Bringing it all together

It keeps coming up at meetings and when reviewing literature, where is the soil data or where is the forage quality data, or where is the crop production response, or where is the animal production response? While it is difficult and expensive to do good research that brings it all together, it is also hard to make a decision about a change in management or the response to a treatment if you don't know how it carries through the whole system. So the question is; how often are we bringing it all together?


  • Differences in soil nutrient analysis changes how much nutrient corn silage takes up - but no reporting of corn silage fiber quality
  • Fungicide application not producing a yield difference - but no reporting of fiber quality
  • Recommendations for K or S applications - but no reporting of influence of applications on forage quality
  • Recommendations for level of corn silage processing - but no reported relationship to milk production or quality

All of this is good and useful research, but without the next step of data we cannot know how it will really impact the overall performance of the farm.
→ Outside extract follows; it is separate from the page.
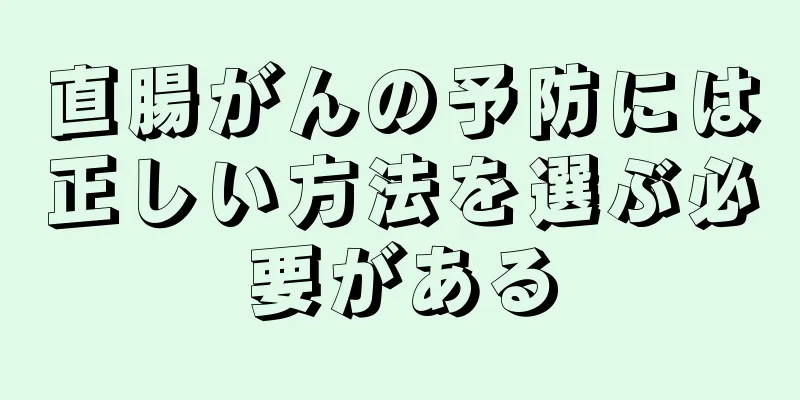 直腸がんの予防には正しい方法を選ぶ必要がある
On farms and in industry we often segment crop production, animal nutrition, and nutrient management. For overall farm profitability and environmental reasons bringing all this together can help to identify areas to focus on with management and if the crop production response we see is translating to an animal production response and then explore why or why not.

While there is more data than ever on farms for animal production measures (milk production, meat production, calving, ect.) and crop management (yields, maps, and application records) it is often not looked at together and software is not designed to have it in one place.

Here at Dairy One we are working on ways to bring the data together and doing projects that bring more of the data together. After all what good is a crop production response if it negatively impacts milk or meat production?